WORK TO COMPLETE =>
Could you please retype all of the records exactly, skipping any pictures?

Caption-style text data
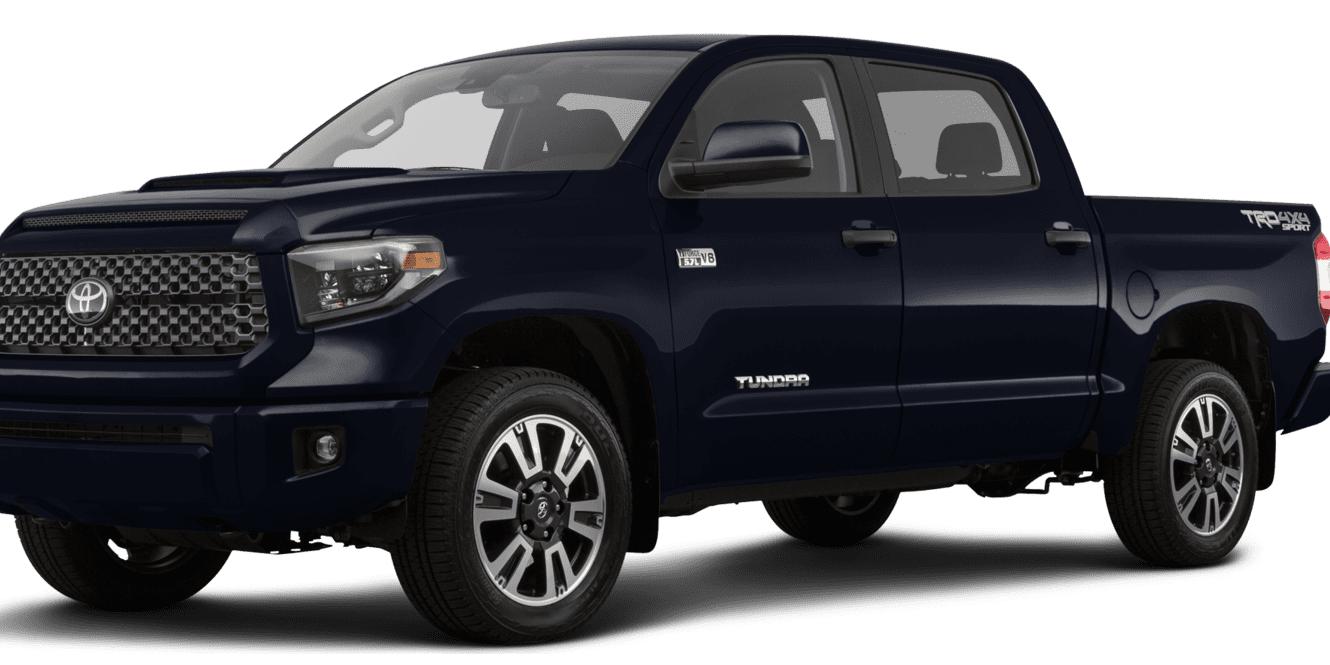 TOYOTA TUNDRA 2021 5TFDY5F14MX009871 image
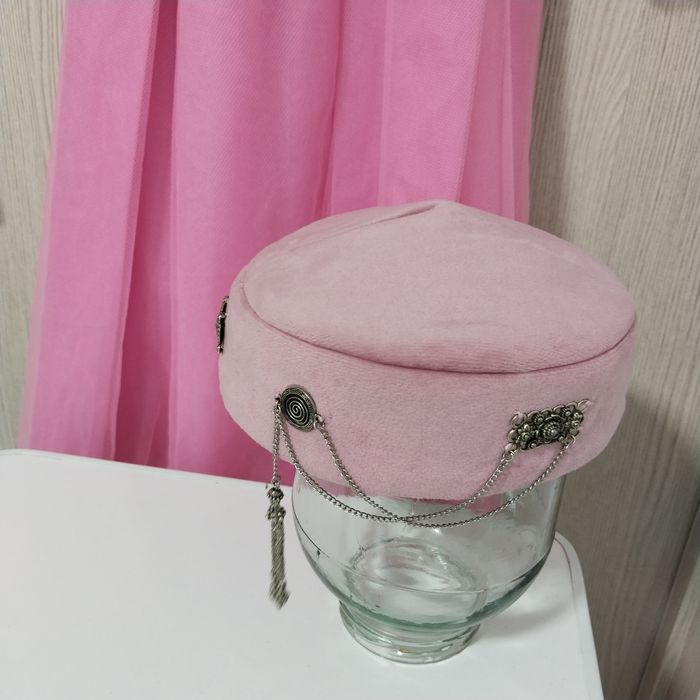 Казахский национальный костюм платье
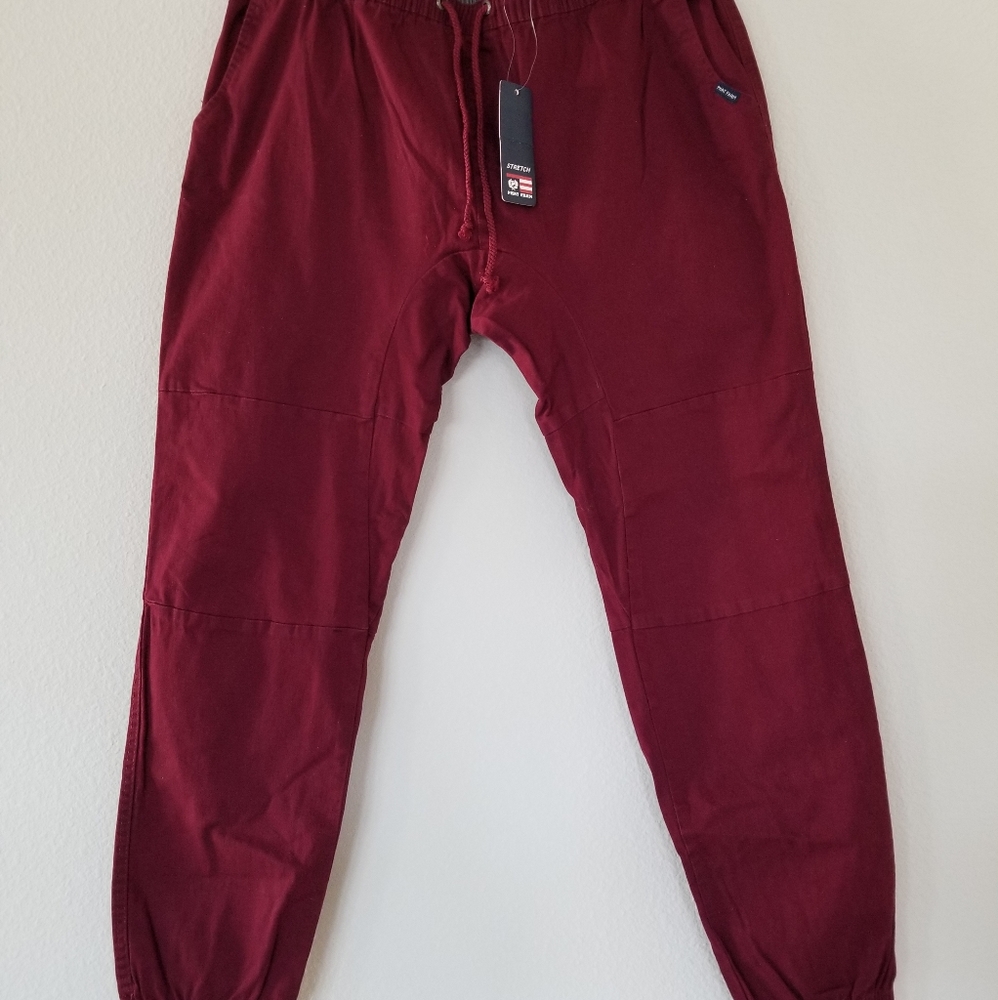 Phat Farm Stretch Jogger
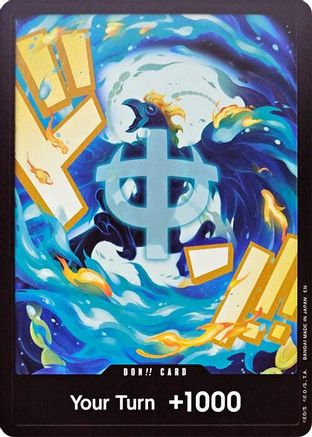 DON!! Card (Marco) [Premium Booster -The Best- Vol. 2] DON!!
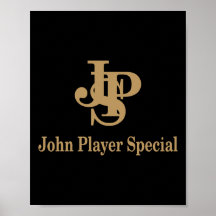 Spécial John Player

FINISHED EXERCISE =>
 TOYOTA TUNDRA 2021 5TFDY5F14MX009871 image
 Казахский национальный костюм платье
 Phat Farm Stretch Jogger
 DON!! Card (Marco) [Premium Booster -The Best- Vol. 2] DON!!
 Spécial John Player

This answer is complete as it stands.